Cells in connective tissue
• Different types of cell involved include:
fibroblasts, fat cells, macrophages, leukocytes
and mast cells.
Fibroblasts.
• A fibroblast is a type of biological cell that
synthesizes the extracellular matrix and
collagen, elastic fibres
• matrix of extracellular material produces
structural framework (stroma) for animal
tissues,
• plays a critical role in wound healing.

Fat cells.
• Also known as adipocytes,
• These cells occur singly or in groups in many
types of connective tissue and are especially
abundant in adipose tissue.
• They vary in size and shape according to the
amount of fat they contain.

Macrophages
• Large irregular-shaped cells
• Type of white blood cell, of the immune system
• Digests cellular debris, foreign substances,
microbes, cancer cells, process called
phagocytosis.

• These large phagocytes are found in
essentially all tissues
• They patrol for potential pathogens by
amoeboid movement.
• Various names e.G., Histiocytes, kupffer cells,
alveolar macrophages, microglia, and others,
but all are part of the mononuclear phagocyte
system

Leukocytes.
• Normally found in small numbers in healthy
connective tissue but neutrophils migrate in
significant numbers during infection
• When they play an important part in tissue
defence.
• Plasma cells develop from b-lymphocytes, a
type of white blood cell .
• They synthesise and secrete specific defensive
antibodies into the blood and tissues

Mast cells.
• These are similar to basophil leukocytes.
• They are found in loose connective tissue, under
fibrous capsule of some organs, e.g.
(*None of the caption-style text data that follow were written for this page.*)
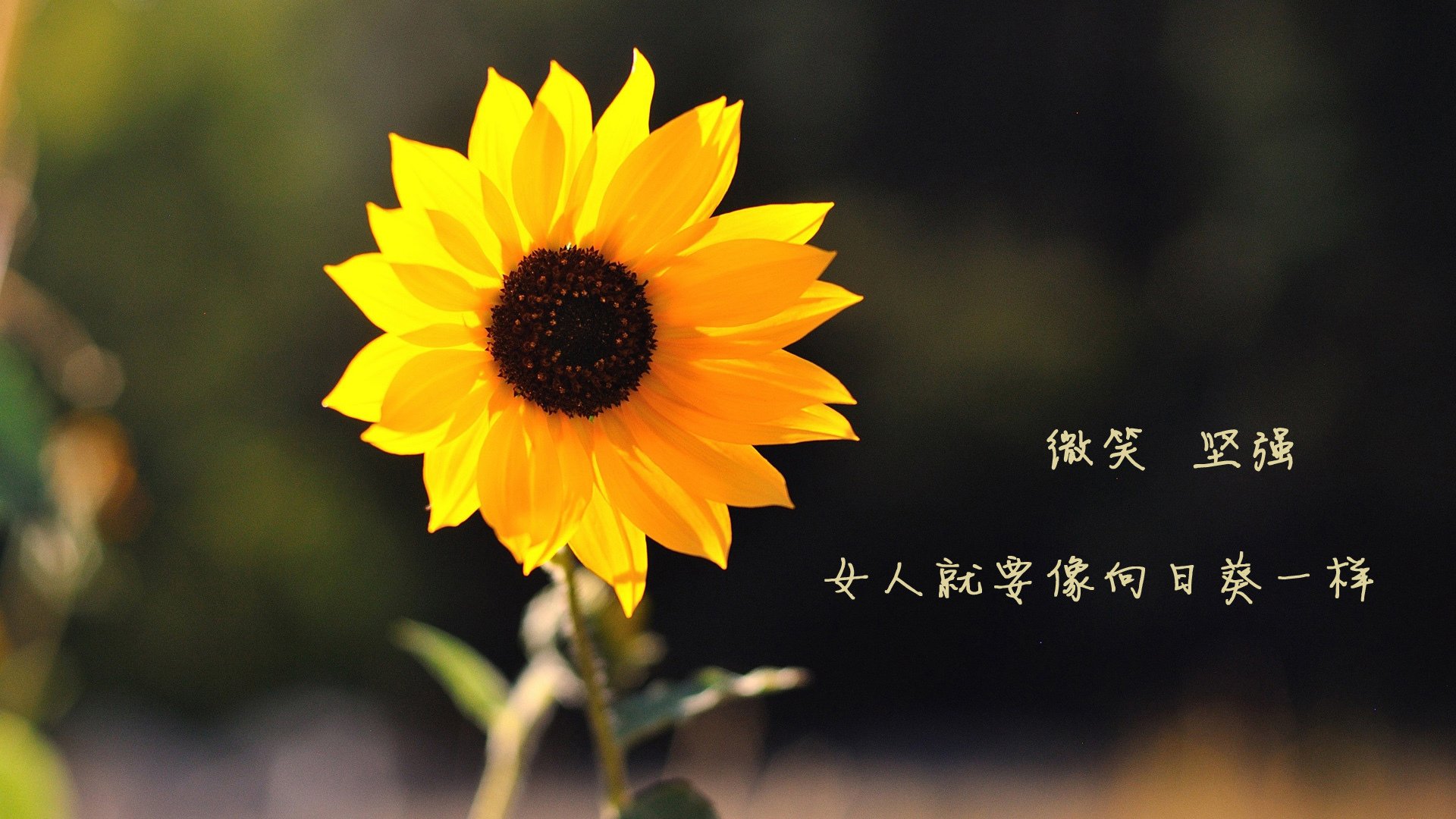 惊天逆转!关键先生C罗独造三球助秘鲁力克皇家社会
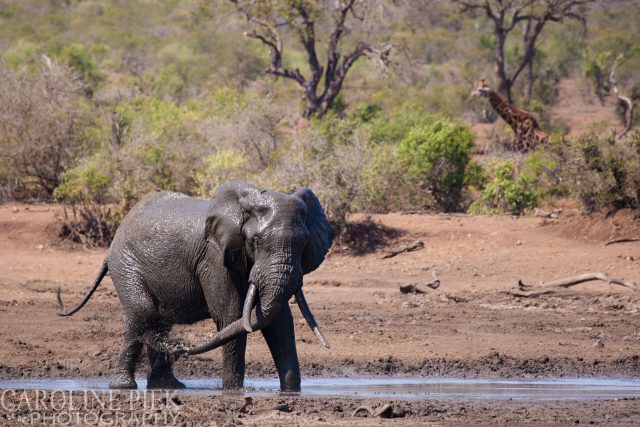 Wildlife safari in Kruger Park Afrika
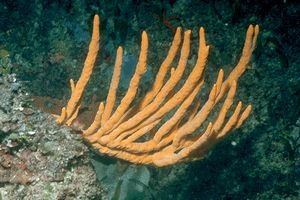 Spugna (Axinella polypoides)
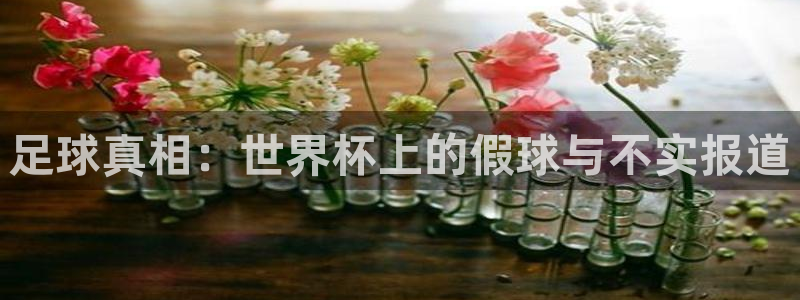 2026足球世界杯赛程：足球真相：世界杯上的假球与不实报道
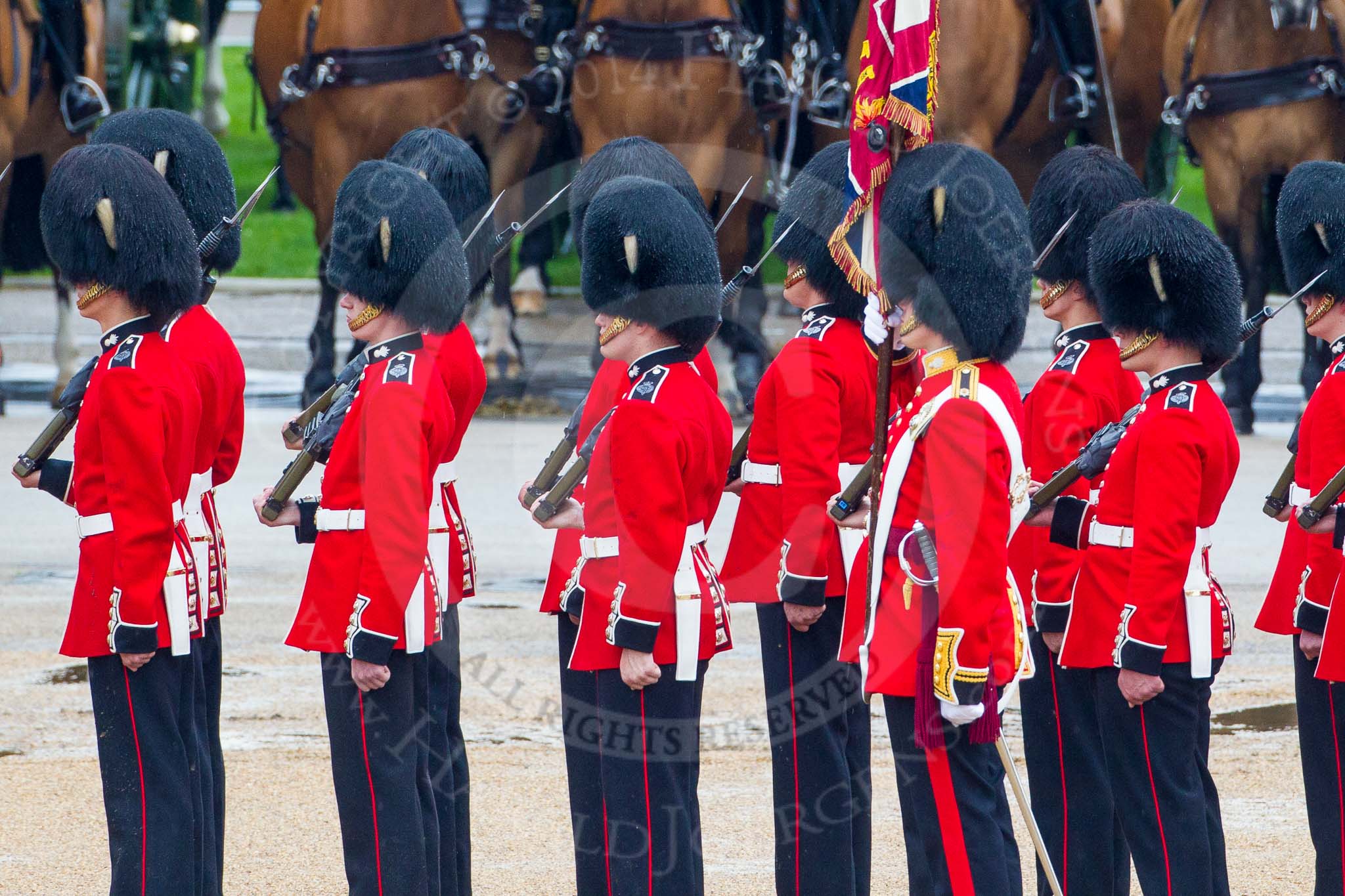 The Colonel's Review 2014.
Horse Guards Parade, Westminster,
London,

United Kingdom,
on 07 June 2014 at 11:27, image #448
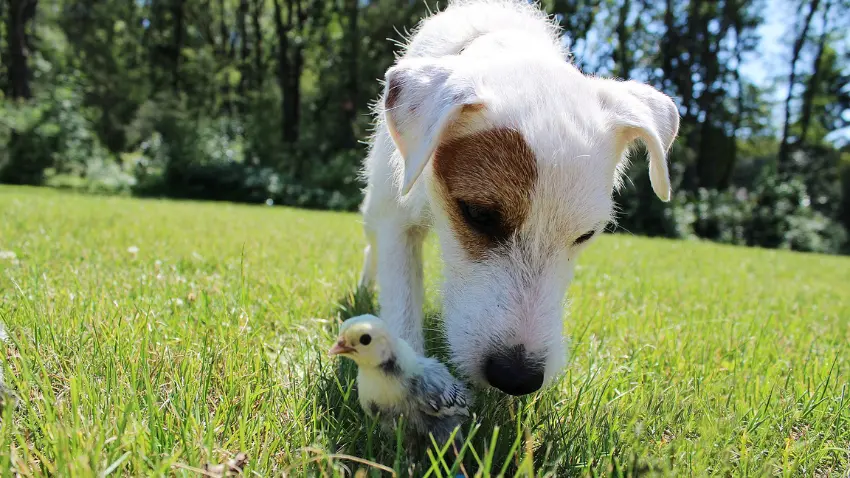 Why do dogs attack and kill chickens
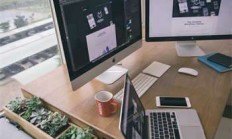 探秘五指山下的天涯社区：这里用户稳如泰山yyds！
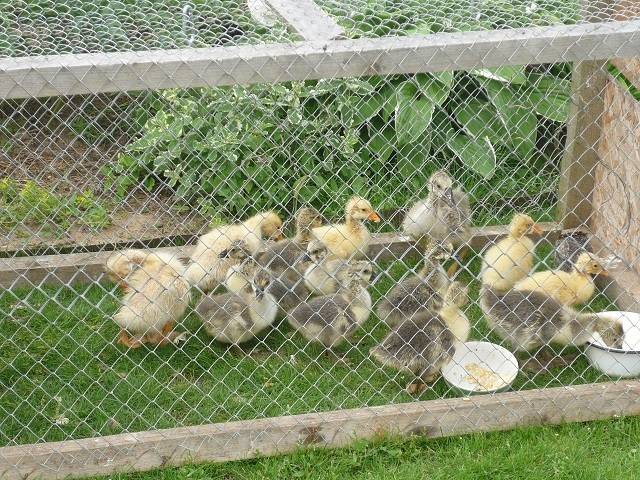 Mulard duck breed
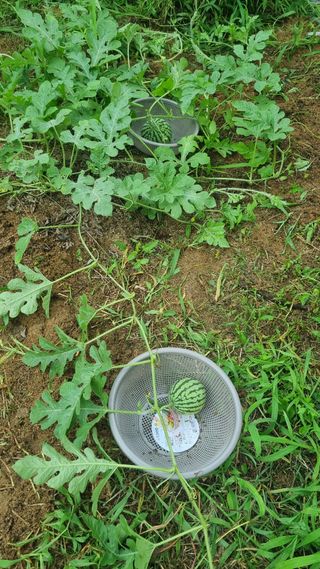 이천용님의 자유주제 · 자유게시판 작성글 사진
Liver and
spleen, blood vessels.
• Their cytoplasm is packed with granules
containing heparin, histamine and other
substances, which are released when cells are
damaged by disease or injury.(Degranulation).

Loose (areolar) connective tissue
• Most generalised of all connective tissue.
• Matrix is described as semisolid with many
fibroblasts and some fat cells, mast cells and
macrophages widely separated by elastic and
collagen fibres.
• It is found in almost every part of the body
providing elasticity and tensile strength.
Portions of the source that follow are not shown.